I talk a lot about how I have Borderline Personality Disorder. Many people accuse me of using it as a crutch. Let me present a scenario to you.
Jimmy has a broken leg and is in a cast. One day Jimmy's friends ask him if he wants to play baseball. "I can't," Jimmy replies, "I have this broken leg." "Aww man," Jimmy's friends groan, "you always use that leg as an excuse!!"
Does this make sense? Seem fair? No? So how come when I say, "I am acting this way because of a trait of my BPD," It's using it as a crutch or excuse? Shouldn't stuff like that be celebrated? "Hey! She can recognize when it's the BPD." Shouldn't it be a good thing that I can recognize behaviors linked to my disorder and educate myself on how to get better?
Furthermore even if it was simply, "I feeling this way because of train A B and C," it's still not using it as a crutch. It's simply stating fact. If it wasn't true, then I wouldn't have this disorder. I guess the rules are different with mental illness.
Now, I feel like I should educate a bit on BPD. Symptom by symptom. You may look at these and think, "oh, I have that." The important thing to remember is that the key is these traits interfere with my daily functioning and life. That is not an excuse, it's fact. That's what mental illness does.
1. Frantic efforts to avoid real or imagine abandonment: I have a hypersensitivity to rejection, and abandonment fears so intense I can't put it into words. Sometimes it doesn't even have to be real abandonment. For example, I'll because frantic if I lose someone in a crowd; if someone cancels plans on me; if a friend does not call me back. These things can send me into panic mode. Sometimes to the point I will lose it and try to contact the person 35 times in a row.
2. A pattern of unstable and intense interpersonal relationships characterized by alternating between extremes of idealization and devaluation. This is called "splitting.": I've never been in a romantic relationship for longer than six months, I jump right into things, I get attached very quickly, and breaking up no matter how much time with someone is always catastrophe. I respond to a break up after 2 months of dating as a person would after 2 years of dating. I've threatened suicide over breakups, I've gone into full blown panic attacks, hysteria. I got broken up with today and I texted him 35 times maybe. I'm still having trouble breathing, and it was only 2 months. I've lost so many friends. I've pushed them away.
3. Identity disturbance. Markedly and persistently unstable self-image or sense of self:Sometimes I will get caught up in a new "identity" that really isn't me. I do it to fit in. Sometimes it's genuine, and I find a new part of me I didn't know existed, and sometimes it doesn't feel right to me. For example, I fell into the "liberty" movement when I met all the free state people. It was something new and exiting, but it didn't feel right. Sometimes I lose who I truly am. My self-image is terrible (though getting better), and I often need reassurance.

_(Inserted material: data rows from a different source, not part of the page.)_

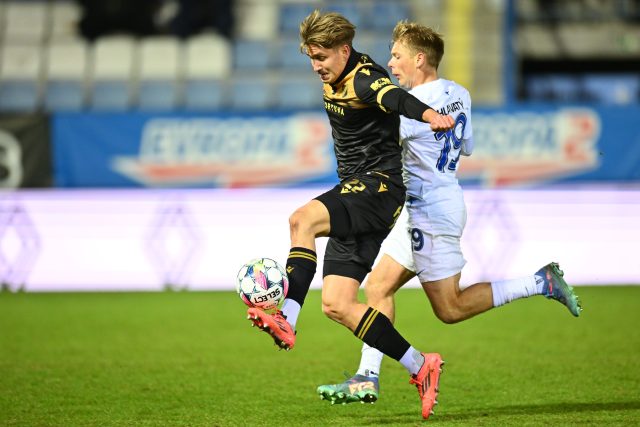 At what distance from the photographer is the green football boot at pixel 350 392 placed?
528 cm

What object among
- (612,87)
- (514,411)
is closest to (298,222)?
(514,411)

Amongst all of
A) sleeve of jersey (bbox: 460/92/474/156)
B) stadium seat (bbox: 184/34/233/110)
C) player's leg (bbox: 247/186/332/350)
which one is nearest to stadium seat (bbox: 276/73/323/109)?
stadium seat (bbox: 184/34/233/110)

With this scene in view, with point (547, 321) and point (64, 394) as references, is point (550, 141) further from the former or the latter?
point (64, 394)

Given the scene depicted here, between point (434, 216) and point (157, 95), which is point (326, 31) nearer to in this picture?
point (434, 216)

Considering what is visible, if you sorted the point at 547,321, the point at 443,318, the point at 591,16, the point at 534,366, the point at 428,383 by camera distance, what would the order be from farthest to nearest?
the point at 591,16 → the point at 547,321 → the point at 534,366 → the point at 443,318 → the point at 428,383

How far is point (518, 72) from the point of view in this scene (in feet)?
70.9

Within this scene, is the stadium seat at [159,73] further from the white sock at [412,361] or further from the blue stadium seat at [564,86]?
the white sock at [412,361]

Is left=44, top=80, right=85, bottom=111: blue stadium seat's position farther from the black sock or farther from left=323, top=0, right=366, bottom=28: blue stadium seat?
the black sock

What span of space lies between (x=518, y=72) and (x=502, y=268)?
9530 mm

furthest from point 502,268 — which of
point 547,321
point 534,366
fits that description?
point 534,366

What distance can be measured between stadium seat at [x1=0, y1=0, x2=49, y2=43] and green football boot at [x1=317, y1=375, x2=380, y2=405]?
50.0ft

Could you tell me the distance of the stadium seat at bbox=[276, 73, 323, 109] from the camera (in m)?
18.2

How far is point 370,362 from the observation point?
225 inches

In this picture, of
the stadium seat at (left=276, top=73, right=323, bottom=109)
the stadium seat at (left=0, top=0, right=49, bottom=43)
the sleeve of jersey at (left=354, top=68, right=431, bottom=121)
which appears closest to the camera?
the sleeve of jersey at (left=354, top=68, right=431, bottom=121) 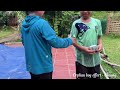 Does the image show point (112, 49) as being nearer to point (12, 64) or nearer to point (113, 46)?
point (113, 46)

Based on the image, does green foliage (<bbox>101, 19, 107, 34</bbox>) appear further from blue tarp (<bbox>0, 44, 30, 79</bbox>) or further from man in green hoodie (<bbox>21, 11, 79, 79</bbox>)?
blue tarp (<bbox>0, 44, 30, 79</bbox>)

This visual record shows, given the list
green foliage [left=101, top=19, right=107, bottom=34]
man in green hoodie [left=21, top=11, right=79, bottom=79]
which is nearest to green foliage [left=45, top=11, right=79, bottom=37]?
man in green hoodie [left=21, top=11, right=79, bottom=79]

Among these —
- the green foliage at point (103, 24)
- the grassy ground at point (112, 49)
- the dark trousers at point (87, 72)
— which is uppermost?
the green foliage at point (103, 24)

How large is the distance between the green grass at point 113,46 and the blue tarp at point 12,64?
511 mm

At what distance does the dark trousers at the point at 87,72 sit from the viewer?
2.40 m

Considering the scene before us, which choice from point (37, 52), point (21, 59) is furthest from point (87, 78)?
point (21, 59)

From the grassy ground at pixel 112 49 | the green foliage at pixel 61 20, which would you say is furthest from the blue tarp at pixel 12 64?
the grassy ground at pixel 112 49

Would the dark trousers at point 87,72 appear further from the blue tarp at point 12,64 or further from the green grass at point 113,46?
the blue tarp at point 12,64

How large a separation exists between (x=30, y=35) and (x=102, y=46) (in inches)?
17.1

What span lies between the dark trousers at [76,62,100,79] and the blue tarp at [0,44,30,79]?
301 mm

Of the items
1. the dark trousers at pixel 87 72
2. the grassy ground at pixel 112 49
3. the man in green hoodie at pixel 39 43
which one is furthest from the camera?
the grassy ground at pixel 112 49

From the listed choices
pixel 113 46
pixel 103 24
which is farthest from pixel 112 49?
pixel 103 24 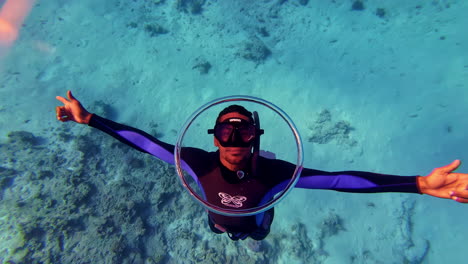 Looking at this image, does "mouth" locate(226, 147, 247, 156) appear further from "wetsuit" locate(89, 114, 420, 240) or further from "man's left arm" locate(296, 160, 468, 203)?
"man's left arm" locate(296, 160, 468, 203)

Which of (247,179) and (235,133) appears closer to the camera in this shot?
(235,133)

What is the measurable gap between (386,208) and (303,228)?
4.29 m

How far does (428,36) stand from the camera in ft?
53.1

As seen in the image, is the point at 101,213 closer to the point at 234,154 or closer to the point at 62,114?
the point at 62,114

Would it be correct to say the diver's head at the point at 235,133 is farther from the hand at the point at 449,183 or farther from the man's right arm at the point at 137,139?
the hand at the point at 449,183

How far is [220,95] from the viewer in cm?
1319

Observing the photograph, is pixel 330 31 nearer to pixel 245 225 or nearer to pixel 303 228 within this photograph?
pixel 303 228

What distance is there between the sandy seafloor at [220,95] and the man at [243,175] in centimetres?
609

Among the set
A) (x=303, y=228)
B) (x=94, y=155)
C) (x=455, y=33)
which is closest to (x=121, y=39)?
(x=94, y=155)

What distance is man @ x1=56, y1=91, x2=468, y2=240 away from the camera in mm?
2859

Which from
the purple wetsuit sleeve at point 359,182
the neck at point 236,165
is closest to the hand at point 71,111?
the neck at point 236,165

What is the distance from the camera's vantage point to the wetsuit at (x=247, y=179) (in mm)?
3229

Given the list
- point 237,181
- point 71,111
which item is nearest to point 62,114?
point 71,111

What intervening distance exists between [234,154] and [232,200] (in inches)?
35.3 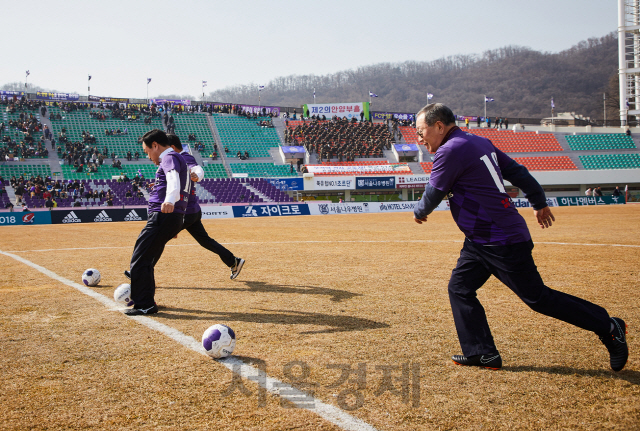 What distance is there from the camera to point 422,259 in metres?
10.0

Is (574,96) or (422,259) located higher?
(574,96)

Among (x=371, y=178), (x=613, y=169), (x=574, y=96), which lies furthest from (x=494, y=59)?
(x=371, y=178)

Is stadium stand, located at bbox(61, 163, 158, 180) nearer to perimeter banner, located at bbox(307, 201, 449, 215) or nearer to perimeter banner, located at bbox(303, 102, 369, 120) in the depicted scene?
perimeter banner, located at bbox(307, 201, 449, 215)

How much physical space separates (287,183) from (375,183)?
946 centimetres

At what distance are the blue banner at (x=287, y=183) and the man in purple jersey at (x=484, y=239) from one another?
146ft

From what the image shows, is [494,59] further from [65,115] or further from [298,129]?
[65,115]

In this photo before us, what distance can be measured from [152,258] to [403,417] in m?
3.98

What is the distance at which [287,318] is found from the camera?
5.35 metres

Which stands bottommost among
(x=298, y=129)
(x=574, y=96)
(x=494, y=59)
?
(x=298, y=129)

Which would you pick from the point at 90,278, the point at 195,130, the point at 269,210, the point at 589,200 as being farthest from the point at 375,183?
the point at 90,278

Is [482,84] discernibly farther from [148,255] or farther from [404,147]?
[148,255]

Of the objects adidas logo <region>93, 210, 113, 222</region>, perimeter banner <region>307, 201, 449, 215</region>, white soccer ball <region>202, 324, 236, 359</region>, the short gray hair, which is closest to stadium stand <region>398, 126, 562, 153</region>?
perimeter banner <region>307, 201, 449, 215</region>

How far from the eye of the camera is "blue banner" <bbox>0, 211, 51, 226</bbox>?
93.6 ft

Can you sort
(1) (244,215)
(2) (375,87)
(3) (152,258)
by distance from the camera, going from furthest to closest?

4. Impulsivity in at least two areas that are potentially self-damaging (e.g., spending, sex, substance abuse, reckless driving, binge eating): Spending, reckless driving, and sex. If you're wondering.
5. Recurrent suicidal behavior, gestures, or threats, or self-mutilating behavior: I cut (though I haven't since last Aug), and I've done the rest. Suicidal ideation or in "I-don't-get-mental-illness" terms, "seeking attention." Look, if someone is threatening suicide, give them some fucking attention.
6. Affective instability due to a marked reactivity of mood (e.g., intense episodic dysphoria, irritability, or anxiety usually lasting a few hours and only rarely more than a few days): I have a diary card where I have to check off if I'm feeling certain target behaviors/feelings. Two of those are irritability and anxiety. I check those boxes (along with worry) almost daily.
7. Chronic feelings of emptiness: Yup.
8. Inappropriate, intense anger or difficulty controlling anger (e.g., frequent displays of temper, constant anger, recurrent physical fights): You've seen my outbursts online, right? Oh I've told people to get AIDS and die, I've screamed at the top of my lungs at customer service people over the phone, I've yelled at someone for getting a food order wrong. I've never been in a physical fight, but sometimes I feel like I'm a walking Red Lantern.
9. Transient, stress-related paranoid ideation or severe dissociative symptom: THIS IS THE TRAIT I DON'T HAVE....I think...LOL.
So it sucks. A lot. I deal with severe anxiety, panic, night terrors, memory loss, worry, hysteria, fear, etc. I also deal with Complex PTSD and because of that and the BPD I have bad night terrors. My emotions are always cranked way up....all the time.
DBT helps, but a lot of times people do not understand or realize how hard it is. Sometimes, even when I'm doing the right things people do not get it. For example, me breaking down into a puddle of emotions and calling friends is actually a good thing. It doesn't mean I am weak. It means I am feeling and not ignoring and I'm using a distress tolerance skill. I didn't cut, I didn't get impulsive. I'm not always perfect, but baby steps.
It's hard to put what goes on in my head into words. All I ask is that you please think twice before accusing me of using my disorder as a crutch. Look closer, and you will actually see it gives me strength.